Currently, there are two major recycle processes being used for lithium ion batteries:

1) These batteries are fed into electric furnaces already containing molten steel with the contained anode reducing carbons along with the separators and with flux to enrich the forming stainless steel alloy in cobalt, nickel and/or manganese. The lithium is fluxed into the slag and may be recovered at high cost with several extra processing steps. This is known as Umicor process.

2) The batteries are processed through a hammer mill and the screened -25 mesh slurry filtered and packaged. This slurry contains about 30% metals from the cathode along with the carbon. This metal rich mixture is shipped to an electric smelter for utilization in making steels. The copper and Aluminium foils are separately recovered from the process.
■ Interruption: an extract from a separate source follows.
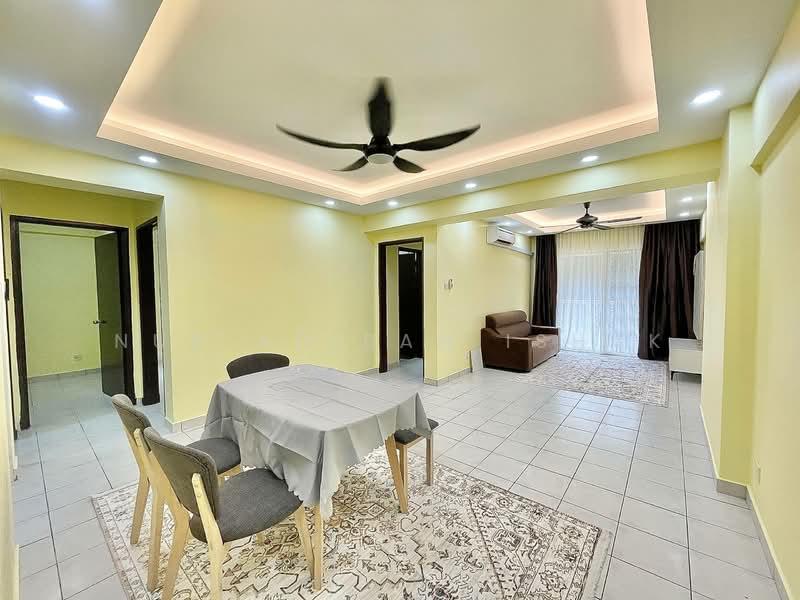 Pangsapuri Sri Cempaka - 1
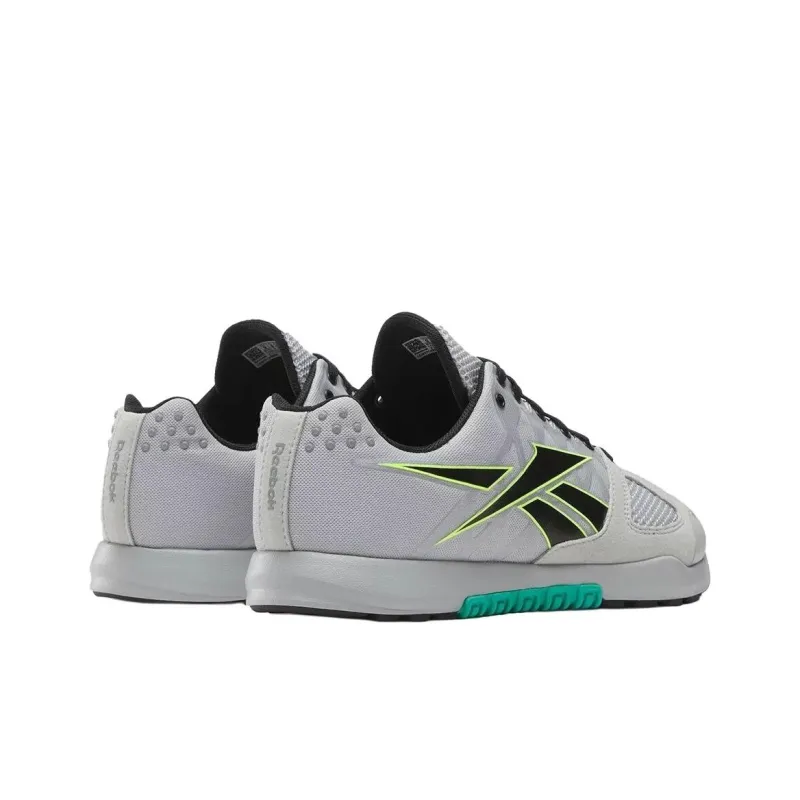 Reebok Nano 2.0 'Grey Lime'-2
Although the valuable cobalt and nickel is recovered along with the manganese for scrap metal prices, the full value of the lithium metal oxide cathode material is lost and usually with no recovery of the lithium metal oxide. It would be a major improvement in the recycling of strategic materials and would lower the cost of lithium batteries if the full value of the lithium metal oxide cathode material could be achieved by complete recovery and regeneration for direct reuse in a new lithium-ion battery. In addition, almost all of the lithium would also be recovered in the cathode material and remain as part of the lithium metal oxide cathode as it is regenerated and used in the new battery. The recovery and reuse of the cathode material would lessen pressure on supply of lithium cathode materials such as nickel and cobalt.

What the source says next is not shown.